When I started working as an aircraft mechanic, pretty much everything was paper-based. Who knows how many trees were felled to provide the paper that was used for the bookshelves full of maintenance manuals, wiring diagrams, illustrated parts catalogs and other references that sat on the bookshelves in our shop and on the hangar floor. We would keep up with tasks on printed work instructions — initialing and signing them as required to show work progress. Filing cabinets would house all of our archived documents.

As I moved up the career ladder, I found myself using a computer more and more.

Today, you can't get away from using a keyboard. At work, most maintenance shops use some form of computer-based system. Computers are used for everything from looking up tasks in maintenance manuals, tracking maintenance due items, AD searches, etc. QWERTY has also saturated our personal lives. Are you texting on your smart phone? The letters are arranged in QWERTY. Looking up what movie to watch next on your smart TV? Chances are it's laid out in QWERTY.

40 years ago, employees could get by without needing typing or keyboarding skills. A person could "hunt and peck" keys using his or her index fingers to get by. 

These days, keyboarding skills are pretty much essential — especially for those in management or leadership positions.

If you want to ditch your hunt and peck "typing" and learn how to actually type, there are endless free resources available to help you out. As with any skill, it just takes time. You can't expect to master keyboarding overnight. 

I recently discovered keybr.com. It's a website that helps teach you how to type. It's free (although you can pay a subscription to remove ads if you wish).
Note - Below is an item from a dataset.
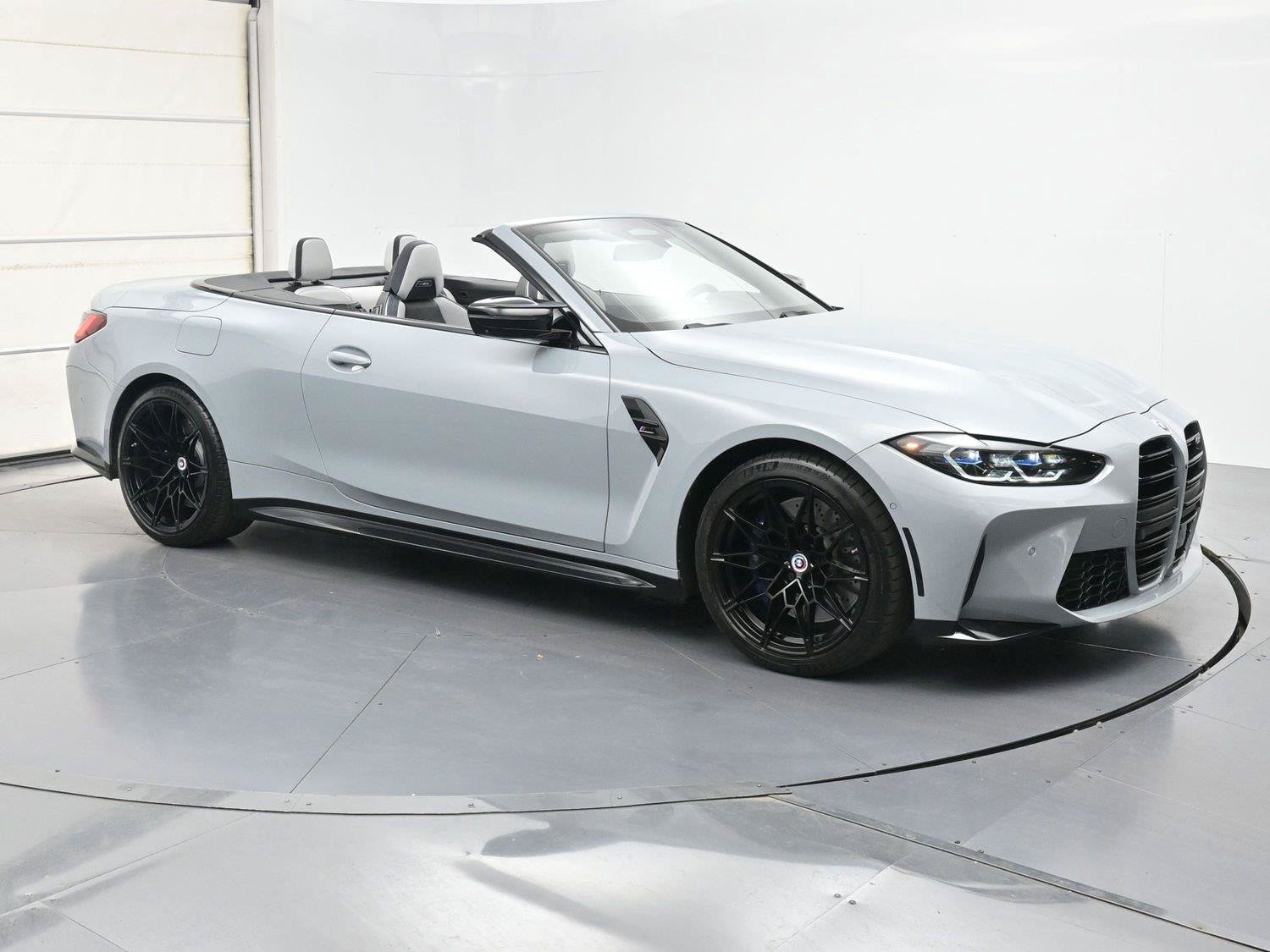 Used 2023 BMW M4 xDrive Competition AWD/4WD image 36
It's simple and straightforward — using algorithms in the background to track your progress and tailor future lessons to optimize your learning experience. All you need to do is log in when you have a little spare time and start typing.
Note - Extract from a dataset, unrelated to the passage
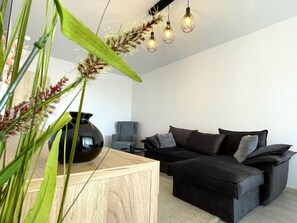 Smart TV - Good Vibes Apartment - Parking and Smart TV (Brașov)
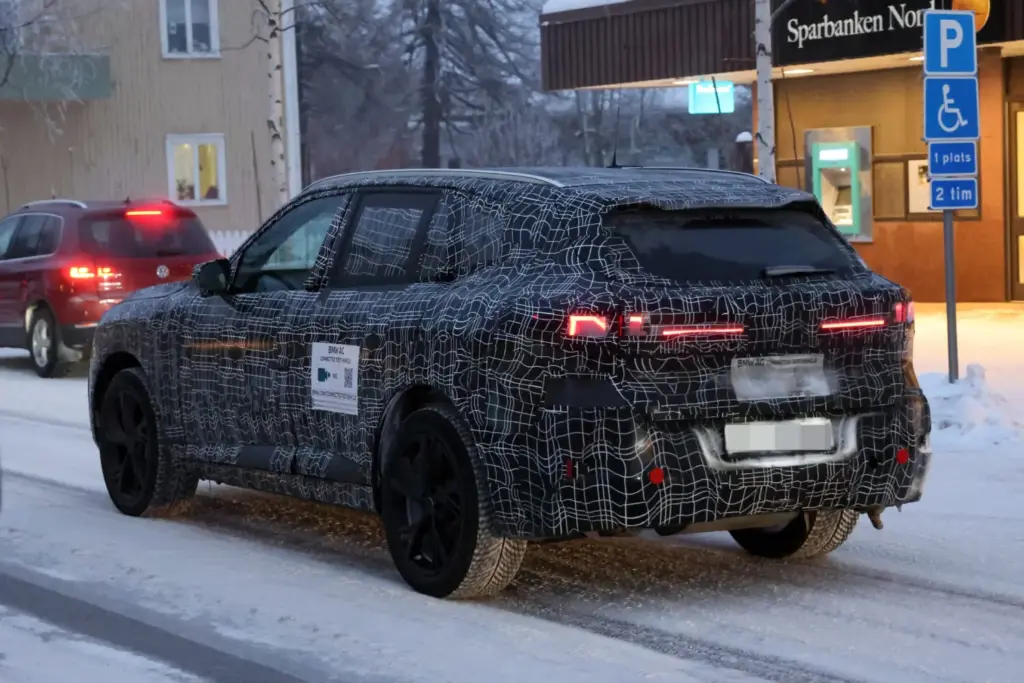 El BMW X5 2027 se enfrenta a la dura prueba invernal 2 Motor16 BMW X5 2027 nieve 10 Motor16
Don't feel like sitting in front of your computer at work or at home and honing your typing skills? There are probably in-person classes near you.
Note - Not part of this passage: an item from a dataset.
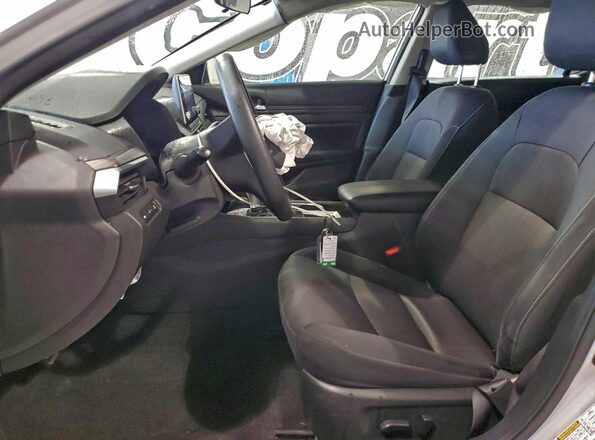 1N4BL4DV2RN338955 2024 NISSAN ALTIMA Silver Front interior view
Whether it's web-based or in-person, I encourage you to give it a try. Many mechanics working on early dope and fabric airframes learned sheetmetal skills. Many mechanics with sheetmetal skills learned to work with composites. And many hunt and peck people have learned keyboarding. It may seem daunting at first, but a little persistence will result in significant increases in your typing skills. Malcom Gladwell famously said it takes 10,000 hours of intensive practice to achieve mastery of complex skills and materials. I guarantee you it will take a lot less time to learn to type! All you need to do is make a commitment and get started.

Thanks for reading!



About D.O.M. Magazine

D.O.M. magazine is the premier magazine for aviation maintenance management professionals. Its management-focused editorial provides information maintenance managers need and want including business best practices, professional development, regulatory, quality management, legal issues and more. The digital version of D.O.M. magazine is available for free on all devices (iOS, Android, and Amazon Kindle).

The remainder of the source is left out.